I have bwrap configured to override: npm, pip, cargo, mvn, gradle, everything you can think of and I only give it the access it needs, strip anything that is useless to it anyway, deny dbus, sockets, everything. SSH is forwarded via socket (ssh-add).
This limits the blast radius to your CWD and package manager caches and often won't even work since the malware usually expects some things to be available which are not in a permissionless sandbox.
You can think of it as running a docker container, but without the requirement of having to have an image. It is the same thing flatpak is based on.
As for server deployments, container hardening is your friend. Most supply chain attacks target build scripts so as long as you treat your CI/CD as an untrusted environment you should be good - there's quite a few resources on this so won't go into detail.
Bonus points: use the same sandbox for AI.
Stay safe out there.
Check also https://github.com/wrr/drop which is a higher-level tool than bwrap. It allows you to make such isolated sandboxes with minimal configuration.

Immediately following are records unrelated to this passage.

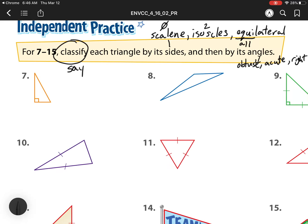So number seven — what is this first one? Well, I see there's a right angle, so I know it's a right angle. But it says I need to classify it by its sides first. I notice none of them are the same length, so that must mean it is a scalene triangle.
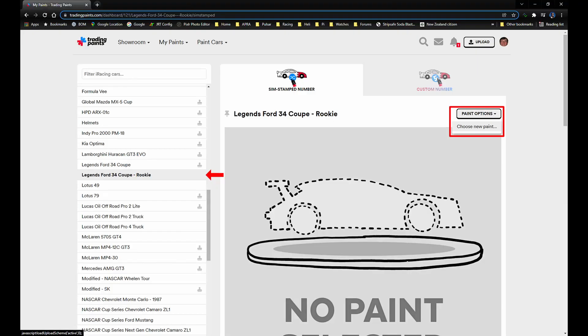For other people to see our custom paint, we need to upload it to Trading Paints. You can upload the custom paint directly into my paint for your specific car. Or you can create a showroom paint so other people can also use it.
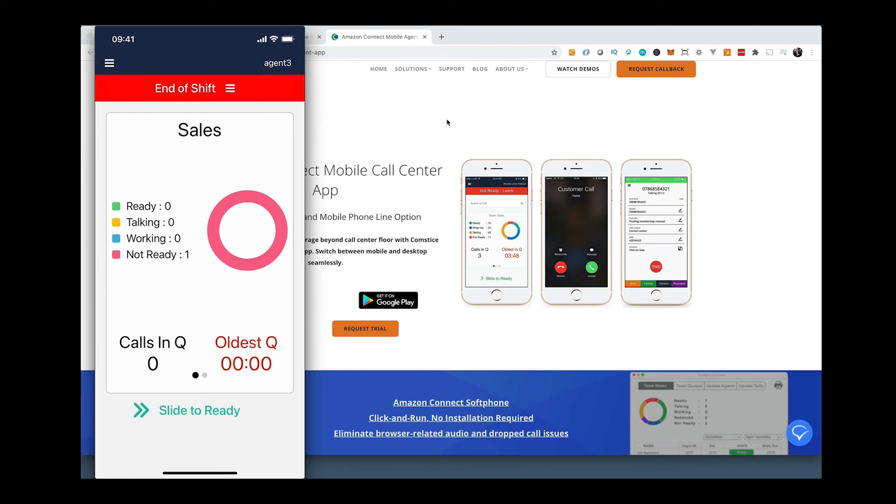They can also use this app to become on-call agents during out-of-hours, for example.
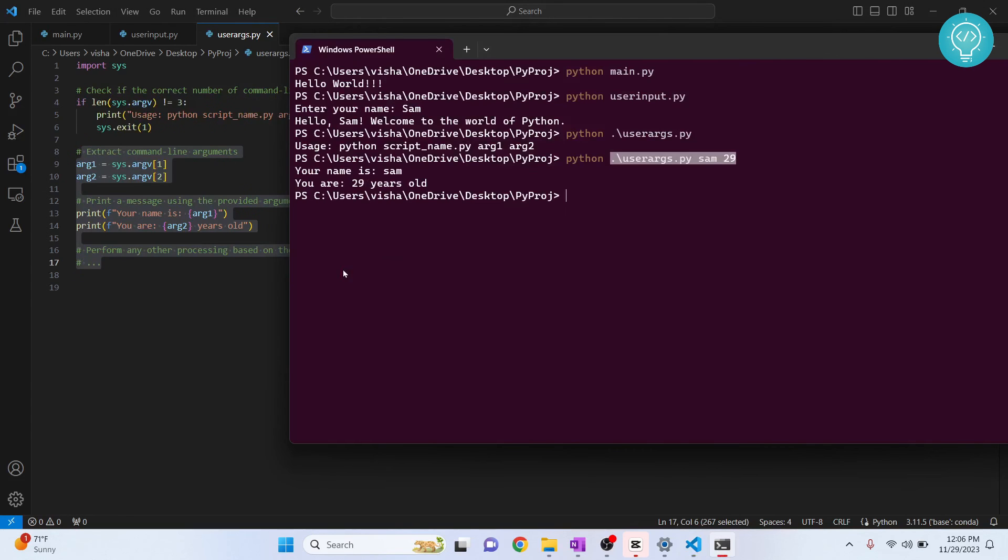This is how you can run Python files from terminal or from command prompt. If you have any questions, let me know in the comments below.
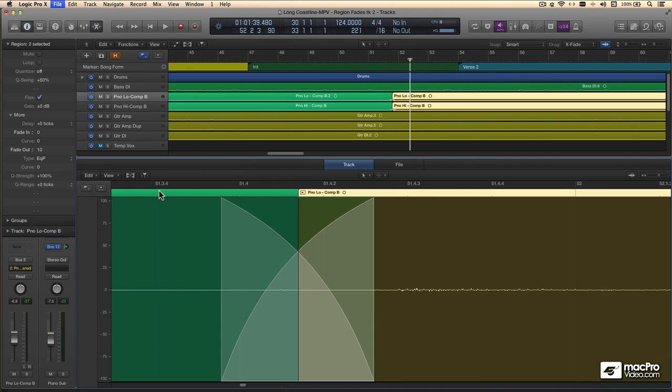So we've got the fade thing down pretty nicely. Coming up, we're going to check out working with the marquee tool in conjunction with transients rather than working with the grid. I know you don't want to miss that — see you soon.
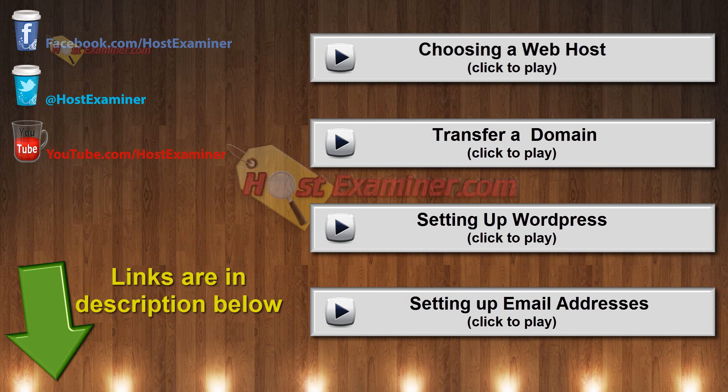And if you have any other questions, you can go to hostexaminer.com, use our contact form, or click the videos here on the video to watch other tutorials. And thanks for watching.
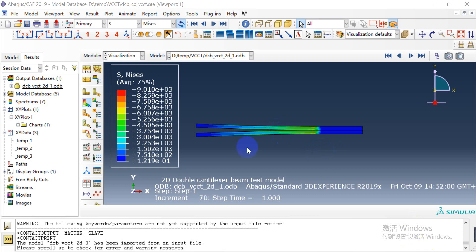Hello everyone. Today I want to show a simulation case about how to use the VCCT method to simulate crack propagation in the double beam model.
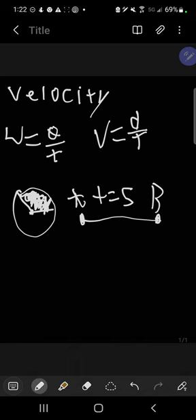Now, the theta for angular velocity stands for the degrees, and then the D stands for the regular distance. T for both of these is still time. You want to try to keep your time in seconds.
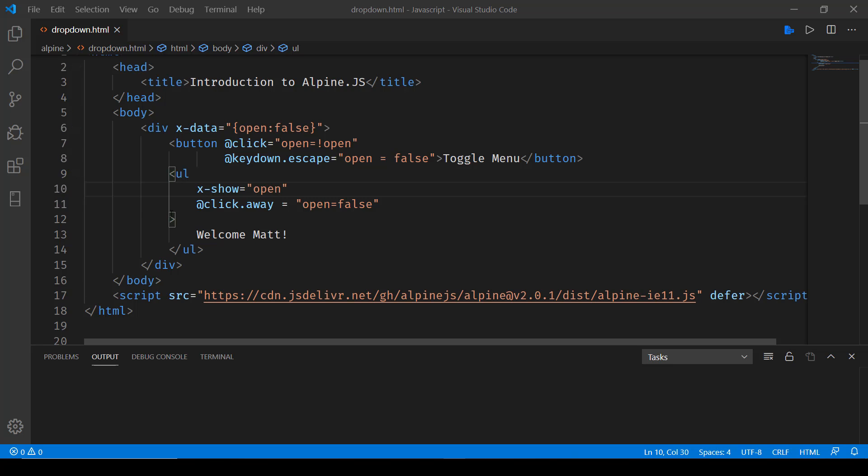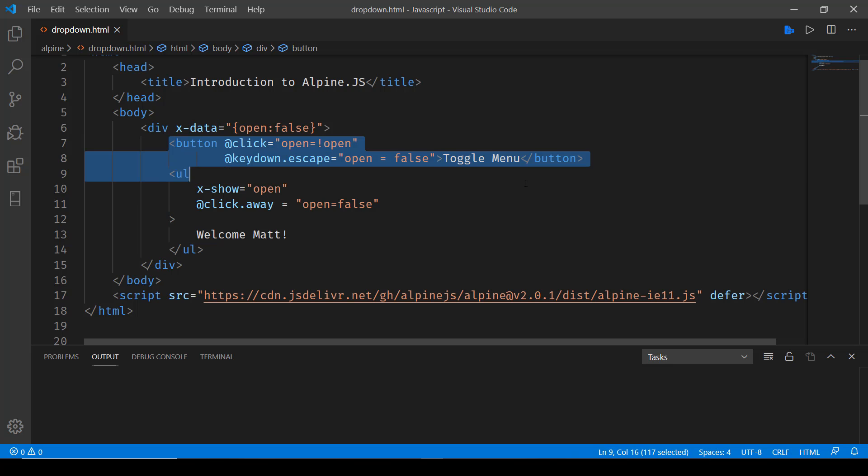The first thing we do is define state. Here we're defining state with xdata open set to false. So by default the open status is set to false and then we have a button.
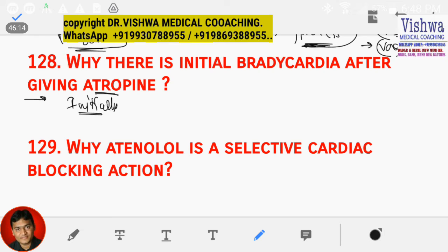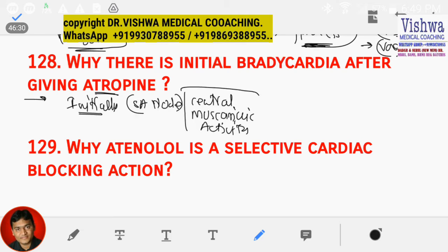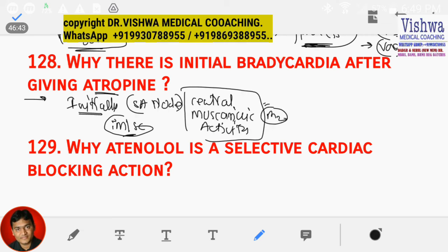There is a blocker action of the SA node mediated through muscarinic activity — just remember the name: central muscarinic activity. It remains for only a few minutes. If you give by intramuscular or subcutaneous route, then it is mediated more. So there is M2 activity, or M2 receptor activity.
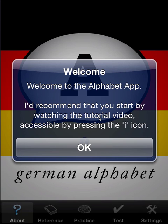Welcome to the tutorial for German Alphabet App. This is for version 1.52. It will be presented on the iPhone simulator, the Retina Display, but it's equally applicable for the iPad, which is almost functionally identical. This is the full version, the paid version, but I'll cover the limitations of the free version as we go.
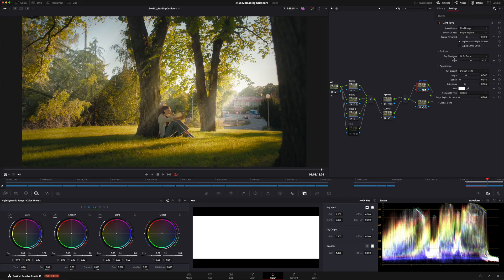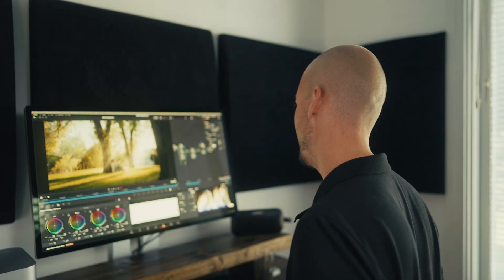What it does is create the light rays based on the bright parts of your image. Under position there is a drop-down menu called 'ray directions.' By default it will be set to 'from a location,' but I like to change this to 'at an angle' instead. 'From a location' might be really useful if you're actually seeing the sun in your video clip, because then you want the rays to come from a specific point. For me, the sun is out of frame and I want the rays to follow one angle.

I think firejail is a much more flexible security sandbox than bwrap. It also comes with pre-defined profiles
I wrote a Docker-based sandbox [1] for myself last year to control the blast radius of such malicious packages.
AFAIK maven doesn’t support post install logic like npm does. You have to explicitly optin with build plugins. It doesn’t let any arbitrary dependency run code on your machine.
I like the idea of bubblewrap, but my pain point is that it is work to set it up correctly with bind mounts and forwarding necessary environment variables to make the program actually work usefully. Could you share your pip bwrap configuration? It sounds useful.
> SSH is forwarded via socket
Maybe I misunderstood this point. But the ssh socket also gives access to your private keys, so I see no security gain in that point. Better to have a password protected key.
Do you have a recommendation for something like bwrap but for macos? I've been trying to use bwrap more on my servers when I remember.
This only works for post-install script attacks. When the package is compromised, just running require somewhere in your code will be enough, and that runs with node/java/python and no bwrap.